* What you have to do *
From the first line to the last, set down the material exactly and drop every picture.

Start of Given information

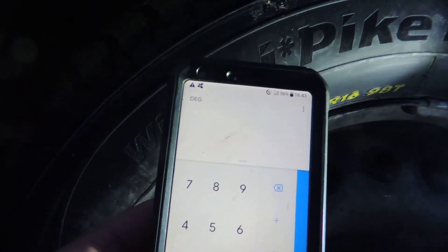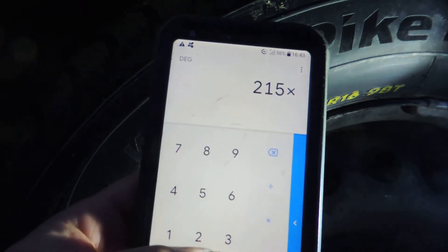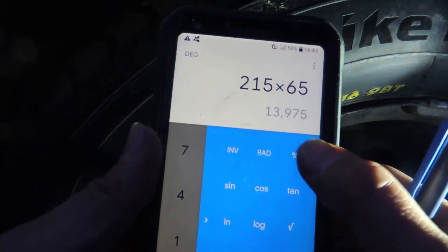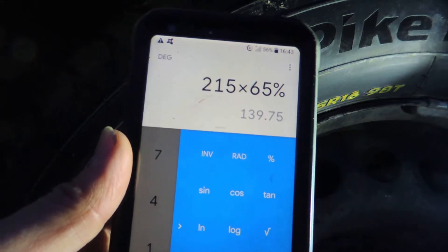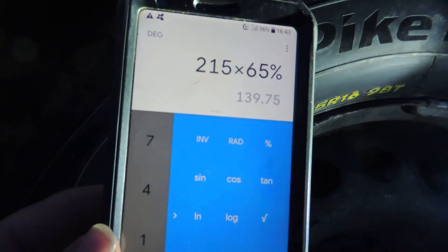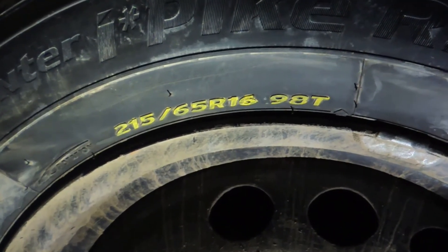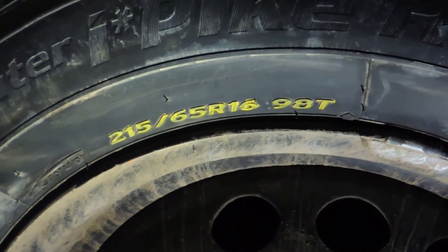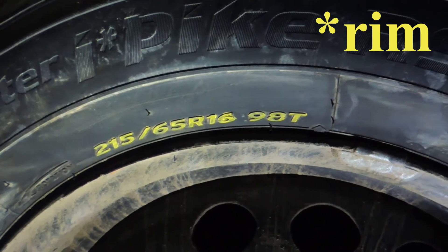Go to 215, multiply by 65, then go to percentage — and you get 139.75 millimeters. This is our tire height. Next, the symbol R means the type of tire construction: radial. After that, you see 16 — the wheel diameter — 16 inches.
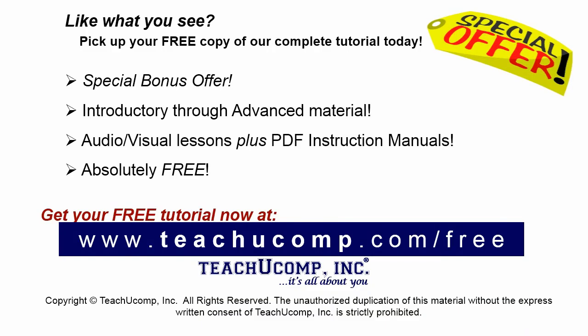Like what you see? Pick up your free copy of the complete tutorial at www.teachucomp.com forward slash free.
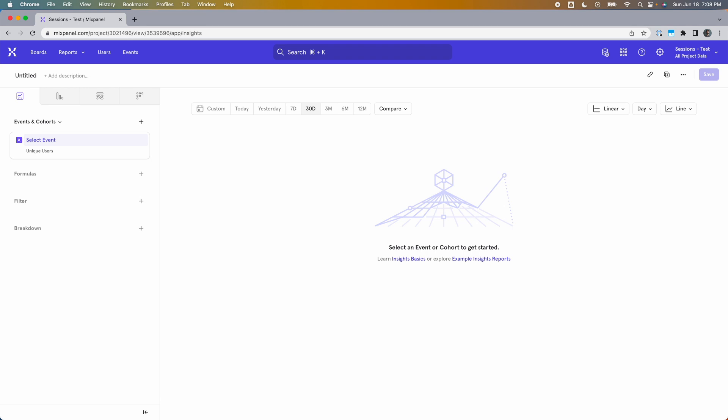Hello friends, this is Ali from Product Analytics Academy, and today we're going to learn about how sessions work in Mixpanel. Session-related questions are very common when dealing with product analytics. You might want to know how long your sessions last, how many things users do per session, and so on.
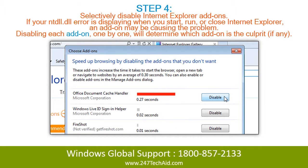Step 4: Selectively disable Internet Explorer add-ons. If your error is displaying when you start, run, or close Internet Explorer, an add-on may be causing the problem. Disabling each add-on one by one will determine which add-on is the culprit, if any.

End of Given information

* Result for this exercise *
Go to 215, multiply by 65, then go to percentage — and you get 139.75 millimeters. This is our tire height. Next, the symbol R means the type of tire construction: radial. After that, you see 16 — the wheel diameter — 16 inches.
Like what you see? Pick up your free copy of the complete tutorial at www.teachucomp.com forward slash free.
Hello friends, this is Ali from Product Analytics Academy, and today we're going to learn about how sessions work in Mixpanel. Session-related questions are very common when dealing with product analytics. You might want to know how long your sessions last, how many things users do per session, and so on.
Step 4: Selectively disable Internet Explorer add-ons. If your error is displaying when you start, run, or close Internet Explorer, an add-on may be causing the problem. Disabling each add-on one by one will determine which add-on is the culprit, if any.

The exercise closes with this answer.